Le fait de pouvoir relier entre elles les agglomérations suisses mieux qu'aujourd'hui - et dans un avenir qui nécessitera plus de transports publics et moins de transports individuels, puisqu'il y a transfert sur des transports en commun -, le fait de permettre à ces agglomérations de bénéficier de flux économiques et culturels d'importance contribuera à renforcer la cohésion de notre pays, ainsi qu'à l'inscrire en Europe. En effet, ce mode de transport collectif à haute performance doit prendre une dimension plus large qui dépasse le cadre national, c'est-à-dire qu'il devra être connecté au réseau ferroviaire européen à grande vitesse. On sait que la situation topographique et environnementale ne nous permet pas, à nous, de créer des réseaux en surface. C'est un moyen d'y obvier que de suivre le projet Swissmetro. Par ailleurs, n'est-ce pas M. Ogi, conseiller fédéral, qui avait lancé en 1990 l'idée d'Eurometro? Cette idée, qui date de dix ans, est en [PAGE 534] voie de se réaliser, ou en tout cas de se développer plus sérieusement, puisqu'un Eurometro est actuellement étudié dans le cadre de Swissmetro entre l'aéroport de Lyon-Satolas et l'aéroport de Genève-Cointrin.

Je conçois qu'il convient de poursuivre l'étude technologique de Swissmetro, un projet développé en Suisse romande mais qui profite à toute la Suisse, en particulier grâce à l'appui de l'EPFL et de l'EPF de Zurich, et qu'il s'impose maintenant, devant la confirmation de sa faisabilité, d'en arriver à la réalisation d'un tronçon pilote. Pour cela, Swissmetro doit pouvoir disposer des moyens nécessaires. Ceux-ci passent par ce crédit supplémentaire de 1 million de francs pour l'année en cours, et de 1 million de francs supplémentaire pour l'année prochaine. Bien sûr, direz-vous, ce ne sont pas des sommes importantes: c'est le cas, parce que le privé et d'autres pouvoirs publics ont déjà engagé des sommes dans le projet par le passé, et sont prêts à le faire pour la suite. Je reconnais volontiers que ce projet à eu de la peine à se rentabiliser, c'est le fait de tout projet pionnier.
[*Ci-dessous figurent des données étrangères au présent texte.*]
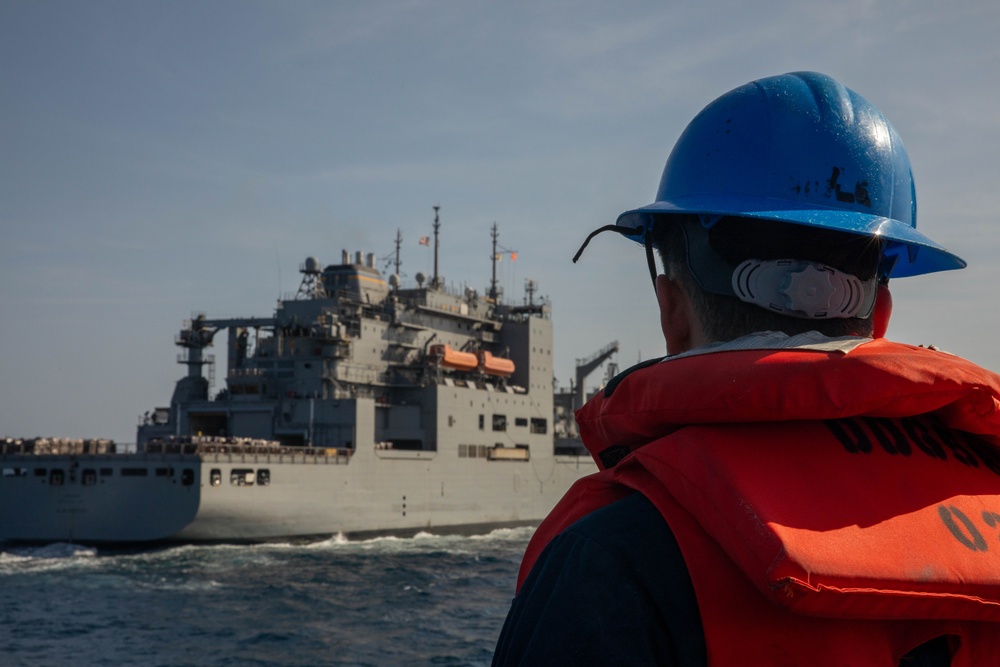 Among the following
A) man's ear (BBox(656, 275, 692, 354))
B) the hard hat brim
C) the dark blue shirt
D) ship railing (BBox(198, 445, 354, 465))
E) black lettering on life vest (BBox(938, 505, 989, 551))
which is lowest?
ship railing (BBox(198, 445, 354, 465))

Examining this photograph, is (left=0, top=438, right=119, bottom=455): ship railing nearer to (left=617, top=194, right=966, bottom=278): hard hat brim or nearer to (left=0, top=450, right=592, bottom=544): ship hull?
(left=0, top=450, right=592, bottom=544): ship hull

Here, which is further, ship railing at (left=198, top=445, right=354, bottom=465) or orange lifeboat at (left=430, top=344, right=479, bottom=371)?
orange lifeboat at (left=430, top=344, right=479, bottom=371)

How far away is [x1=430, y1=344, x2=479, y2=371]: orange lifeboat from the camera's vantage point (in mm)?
34156

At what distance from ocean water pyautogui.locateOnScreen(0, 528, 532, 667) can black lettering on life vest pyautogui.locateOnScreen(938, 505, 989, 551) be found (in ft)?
43.7

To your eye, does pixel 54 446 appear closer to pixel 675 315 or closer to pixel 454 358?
pixel 454 358

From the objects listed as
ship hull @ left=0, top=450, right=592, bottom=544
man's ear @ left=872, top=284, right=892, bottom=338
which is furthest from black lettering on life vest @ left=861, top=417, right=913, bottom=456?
ship hull @ left=0, top=450, right=592, bottom=544

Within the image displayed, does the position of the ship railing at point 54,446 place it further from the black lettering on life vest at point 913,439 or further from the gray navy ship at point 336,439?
the black lettering on life vest at point 913,439


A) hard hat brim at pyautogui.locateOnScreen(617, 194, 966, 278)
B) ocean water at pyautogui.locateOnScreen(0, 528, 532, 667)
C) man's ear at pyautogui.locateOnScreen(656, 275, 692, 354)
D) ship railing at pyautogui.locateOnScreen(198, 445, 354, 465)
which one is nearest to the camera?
hard hat brim at pyautogui.locateOnScreen(617, 194, 966, 278)

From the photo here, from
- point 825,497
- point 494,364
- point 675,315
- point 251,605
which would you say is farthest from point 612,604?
point 494,364

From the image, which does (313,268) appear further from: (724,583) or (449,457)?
(724,583)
Mais c'est un projet d'avenir qui, sans aucun doute, contribuera à encourager la croissance économique de la Suisse, à développer un produit attractif aussi sur le plan international, à permettre à l'industrie d'acquérir de nouvelles connaissances dans des technologies d'avenir, à alléger le transport en surface et en particulier le réseau routier en diminuant les charges de l'environnement, et à créer en Suisse un rapprochement des populations des différentes régions du pays avec des perspectives d'ouverture vers nos voisins, ce qui n'est pas négligeable.

J'ai entendu tout à l'heure un plaidoyer qui semblait dire que ce projet était très dangereux: j'avais l'impression d'entendre un discours tenu au XIXe siècle, lorsqu'on implantait les chemins de fer dans ce pays. Je fais appel au même esprit pionnier que celui des constructeurs des grands axes de communication de notre pays, et qui ont passé, à leur époque, pour des originaux ou des iconoclastes.

Nous pouvons accorder ce montant de 1 million de francs. C'est ce que le groupe libéral vous propose de faire.